Oracle offers a broad range of A&BI capabilities, both on-premises and in the Oracle Cloud. During the past year, Oracle has rebranded its cloud offerings, Oracle Analytics Cloud (OAC), with new edition-based pricing and packaging, creating one access point for all analytics components. OAC offers integrated data preparation, data discovery (with advanced exploration) and interactive dashboards via a single design tool supporting both desktop and web-based authoring. Data Visualization for Desktop is available as a free download for personal use or as part of departmental and enterprise OAC offerings. It is also available as an optional component to Oracle Business Intelligence 12c, deployed on-premises. (Oracle BI 12c is not covered here.)

OAC releases new versions three to four times per year, while Data Visualization for Desktop, which is part of Oracle BI 12c on-premises, is updated annually. Over the past year, Oracle closed many feature gaps in data preparation, interactive visualization and dashboarding. In terms of innovation, Oracle introduced natural-language search via text, voice and chat bot as well as natural-language generation (via an OEM) to explain insights in dashboards. Oracle also expanded the augmented analytics capabilities in OAC, both within the data preparation environment, as well as in the unified dashboard and interactive visualization and analysis workflow. On the mobile front, Oracle released Day by Day as part of OAC, and Synopsis — a freely available mobile analysis application for consumers. Day by Day learns users' behaviors and presents them with the most important insights with the user's context. Synopsis introduced augmented reality to capture data for analysis, using the mobile device camera as input.

Oracle's modern A&BI capabilities are most often deployed for a decentralized use case (59%), followed by agile, centralized BI provisioning (50%).

According to the reference customers, the top three reasons for selecting OAC are ease of use for content consumers, integration with enterprise applications and data access, and cloud deployment.
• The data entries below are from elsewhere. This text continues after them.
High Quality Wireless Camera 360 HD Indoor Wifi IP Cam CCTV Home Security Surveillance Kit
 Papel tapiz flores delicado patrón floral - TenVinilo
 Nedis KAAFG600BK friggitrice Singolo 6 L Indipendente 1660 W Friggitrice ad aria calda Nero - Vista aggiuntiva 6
Organizations selecting Oracle most often considered Microsoft Power BI, Tableau and Qlik as alternatives.

Strengths

  • Interactive exploration, dashboards, augmented analytics and mobile: OAC offers an integrated design experience for interactive analysis, reports and dashboards. In addition to offering core visual exploration features for light analysis, OAC supports advanced exploration, including custom groups and drag-and-drop advanced analytic functions (such as forecasting, clustering, trending, outliers and so on). Moreover, Oracle has delivered augmented analytics capabilities at a faster pace than most other vendors in the market. Text and voice for NLP as well as chat bot integrations are surfaced across data preparation to understand value distribution of data and correlations. Within the exploration environment, insights can be autogenerated to identify significant segments, clusters, drivers, outliers and anomalies with an explanation of findings in natural language. These augmented analytics capabilities are also made available in Oracle's mobile application, Day by Day.

  • Enterprise features with Oracle optimizations: OAC's integrated end-to-end hybrid and global cloud approach, its "Excellent to Outstanding" security and administration capabilities, the ability to function ship queries to underlying databases and integration with the Oracle 12c semantic layer appeals to IT departments that have implemented Oracle's traditional BI platform. OAC's growing set of domain-specific Oracle E-business Suite content packs, which are available for free, and Oracle optimizations (such as smart connectors that inherit Oracle security and semantic layer access to Oracle 12c and Oracle SaaS applications) make OAC attractive to Oracle customers. Users are also able to conduct "what if" and scenario analysis within OAC via Oracle Essbase, which is now natively supported as part of OAC's data preparation capabilities and included with both OAC departmental and enterprise editions.

Areas of Improvement

  • Ease of use and workflow: Although customer references buy OAC for its ease of use for content authors, and the user experience and workflow is improving with each release, customer references rate OAC below the survey average for all aspects of ease of use (including for content authors, for deployment and for visual appeal). Given that aspects of publishing and sharing options for data visualization are a subset of what is available in the full OAC suite, product workflow needs further integration. This may impact adoption of OAC both inside and outside of the Oracle customer base.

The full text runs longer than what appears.